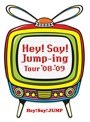  Hey！ Say！ Jump-ing Tour ’08-’09/Hey！Say！JUMPでDMMアフィリエイトツール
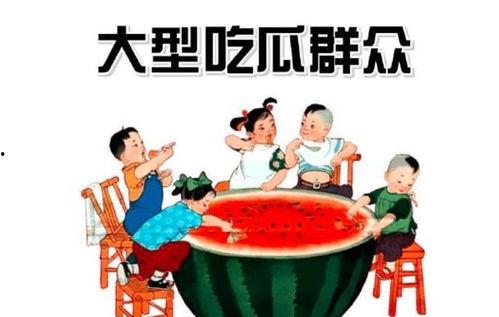 娱乐吃瓜群众,揭秘明星幕后故事，吃瓜群众狂欢时刻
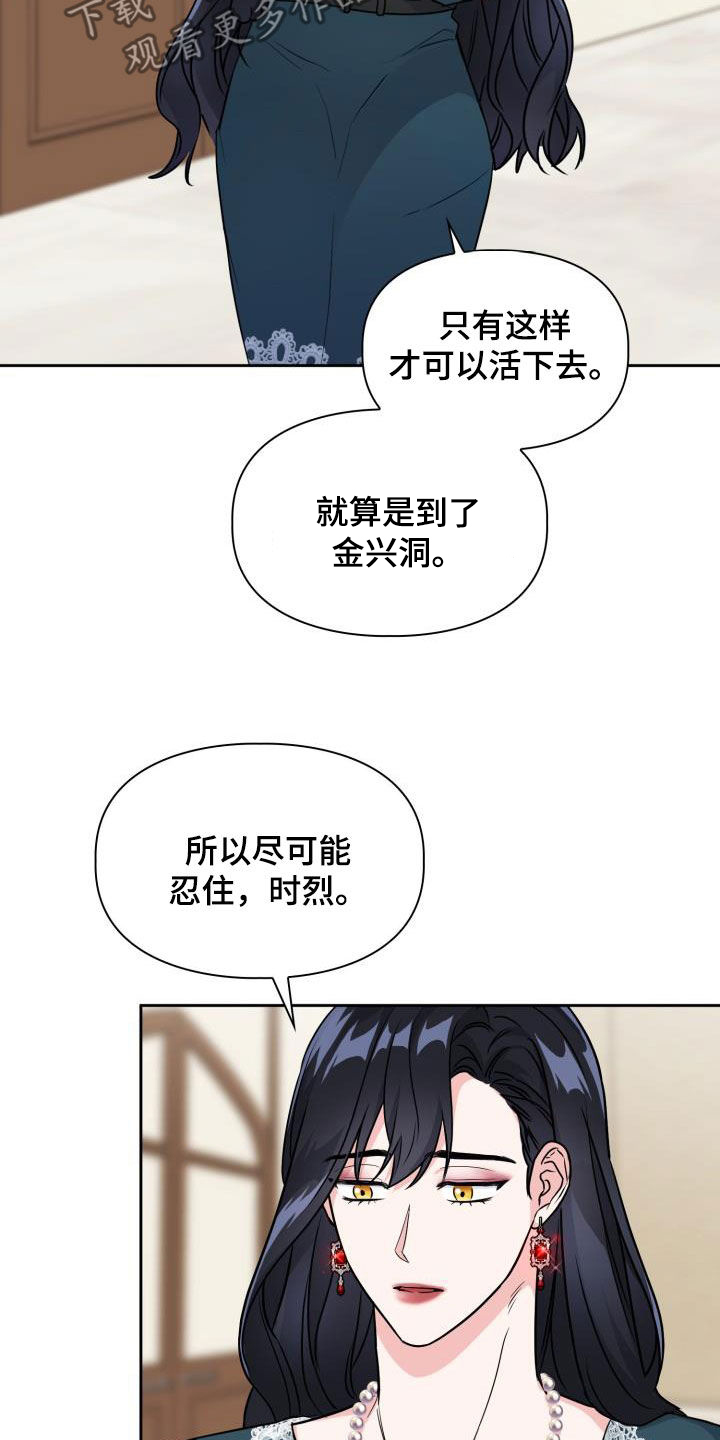 【兽现文字】漫画-（第102章：【第二季】忍下去）章节漫画下拉式图片-6.jpg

···

● **Exercise requirements**:
The required output is each line above restated verbatim, with all images omitted.

● **Final answer**:
  Hey！ Say！ Jump-ing Tour ’08-’09/Hey！Say！JUMPでDMMアフィリエイトツール
 娱乐吃瓜群众,揭秘明星幕后故事，吃瓜群众狂欢时刻
 【兽现文字】漫画-（第102章：【第二季】忍下去）章节漫画下拉式图片-6.jpg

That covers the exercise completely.